Referring to implementation of various trade agreements, rising irrigation intensity and improved crop management practices, efforts in ensuring adequate availability of fertiliser and other key inputs, and focused policy push on seven strategic and frontier sectors, among others, the report said considering these factors, and on the assumption that the adverse impact of the West Asian conflict would remain contained in the near-term, real GDP growth for 2026-27 is projected at 6.9 per cent with risks tilted to the downside.
Inflation in FY27 is likely to remain aligned with the (4 per cent) target on the back of adequate foodgrain stocks, sufficient reservoir levels and stable agricultural prospects despite possible El Niño conditions and above-normal summer temperature.
However, the evolving upside risks to inflation may emanate from multiple other factors such as spike in global fuel and commodity prices amid geopolitical tensions, potential spillovers to input and wage costs, and volatility in exchange rate. Considering these factors, CPI inflation for FY27 is projected at 4.6 per cent with risks tilted to the upside.
Bond yields
The report cautioned that domestic bond yields could face upward pressure if the global monetary easing cycle stalls or reverses in response to persistent oil price shocks amid fragile conditions in West Asia.

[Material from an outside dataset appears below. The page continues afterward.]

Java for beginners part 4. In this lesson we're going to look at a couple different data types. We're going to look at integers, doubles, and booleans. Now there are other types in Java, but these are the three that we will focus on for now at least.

However, the government’s commitment to fiscal consolidation, along with the liquidity injection measures by the RBI, is expected to contain the upward pressure on yields.
Equity markets
The report observed that equity market dynamics would be conditioned by evolving geopolitical developments, global financial market volatility and foreign portfolio investment flows.

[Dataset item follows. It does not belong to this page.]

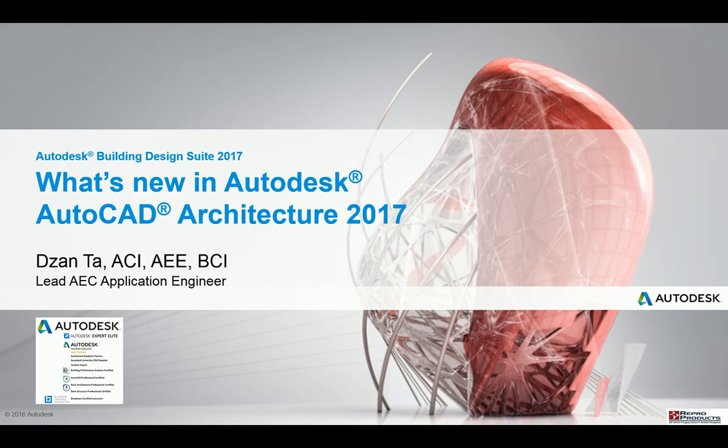Hi everyone, welcome to another screencast video brought to you by Zan Ta from Repo Products. Today's presentation will be on what's new in Autodesk AutoCAD Architecture 2017.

It warned that a deterioration in risk sentiment alongside strengthening of the US dollar could trigger capital outflows. Also, ongoing efforts to expand local currency settlement framework are expected to further advance the Indian rupee-based cross-border transactions.
Banking system
The RBI report expects the Indian banking system to remain resilient, supported by prudent regulatory reforms, stable credit growth and adequate capital buffers.
However, lingering geopolitical tensions and supply chain disruptions may pose near-term risks to corporate earnings and the performance of loan portfolios.
“Elevated sovereign yields may also exert pressure on financial institutions’ investment portfolios. Nonetheless, on balance, supported by sound fundamentals and healthy balance sheets, the domestic financial system has sufficient buffers to withstand adverse shocks.